A variable geometry turbo too. Not fair. An impressive piece of engineering , but other countries always get the better engines first.


----------



## brian v (Dec 25, 2011)

The other countries Manufacture them in they're Country !

Any some ones up for a little test ?


----------



## jblackburn (Apr 14, 2012)

brian v said:


> The other countries Manufacture them in they're Country !
> 
> Any some ones up for a little test ?


*their


----------



## brian v (Dec 25, 2011)

You are far from their place *
Will the diesel get a transmission that will not become a hazardous stress test ?


----------



## 70AARCUDA (Nov 14, 2010)

brian v said:


> You are far from their place *
> Will the diesel get a transmission that will not become a hazardous stress test ?
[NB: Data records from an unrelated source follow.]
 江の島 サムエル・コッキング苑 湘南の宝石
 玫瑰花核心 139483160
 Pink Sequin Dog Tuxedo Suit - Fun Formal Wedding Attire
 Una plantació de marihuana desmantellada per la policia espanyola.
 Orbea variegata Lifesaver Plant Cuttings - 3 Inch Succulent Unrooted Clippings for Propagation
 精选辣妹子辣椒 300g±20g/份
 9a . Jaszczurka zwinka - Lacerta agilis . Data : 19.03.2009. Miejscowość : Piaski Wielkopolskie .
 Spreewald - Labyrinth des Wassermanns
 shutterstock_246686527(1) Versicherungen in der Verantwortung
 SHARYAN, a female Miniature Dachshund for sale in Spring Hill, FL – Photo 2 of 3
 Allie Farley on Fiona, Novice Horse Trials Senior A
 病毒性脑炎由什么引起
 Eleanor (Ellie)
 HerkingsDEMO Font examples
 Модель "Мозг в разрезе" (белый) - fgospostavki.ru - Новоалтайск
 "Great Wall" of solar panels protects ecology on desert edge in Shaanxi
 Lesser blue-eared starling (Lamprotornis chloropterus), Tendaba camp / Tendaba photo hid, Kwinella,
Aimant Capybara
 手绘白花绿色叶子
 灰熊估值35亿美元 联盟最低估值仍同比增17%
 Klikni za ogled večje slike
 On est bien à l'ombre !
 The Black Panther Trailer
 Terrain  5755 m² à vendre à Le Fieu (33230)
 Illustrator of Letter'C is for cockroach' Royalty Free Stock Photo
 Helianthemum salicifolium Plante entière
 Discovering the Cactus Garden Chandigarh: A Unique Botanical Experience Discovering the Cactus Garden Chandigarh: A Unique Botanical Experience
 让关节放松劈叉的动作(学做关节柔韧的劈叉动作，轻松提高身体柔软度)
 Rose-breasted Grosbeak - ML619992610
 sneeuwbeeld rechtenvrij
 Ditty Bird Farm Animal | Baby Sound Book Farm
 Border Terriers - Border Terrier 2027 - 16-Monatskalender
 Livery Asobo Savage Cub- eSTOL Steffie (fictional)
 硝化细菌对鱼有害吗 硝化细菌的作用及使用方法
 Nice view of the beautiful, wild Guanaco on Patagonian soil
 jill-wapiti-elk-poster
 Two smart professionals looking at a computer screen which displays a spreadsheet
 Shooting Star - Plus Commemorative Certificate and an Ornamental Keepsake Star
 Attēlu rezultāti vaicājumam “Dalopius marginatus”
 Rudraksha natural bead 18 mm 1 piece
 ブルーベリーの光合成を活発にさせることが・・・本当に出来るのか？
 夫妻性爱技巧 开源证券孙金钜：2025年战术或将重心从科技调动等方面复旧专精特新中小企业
Well, for one thing, the Diesel Cruze that we will see will not have the same automatic transmission as the gasoline Cruze has. 

The Diesel Cruze will have the much stouter *Aisin* *A6-AF40 *6-speed (see previous posting *here*) that's been used with the Cadillac V6 and the Buick Regal Turbo, it will not have the same *GM* *6T40* HydaMatic that's used in the 2011-2014 gasoline Cruzes.


----------



## brian v (Dec 25, 2011)

* there is a star in the sky also ......

What is the Data to date telling us about this stouter Aisin A6-AF40 ?



JBlackburn that is correct Good catch


----------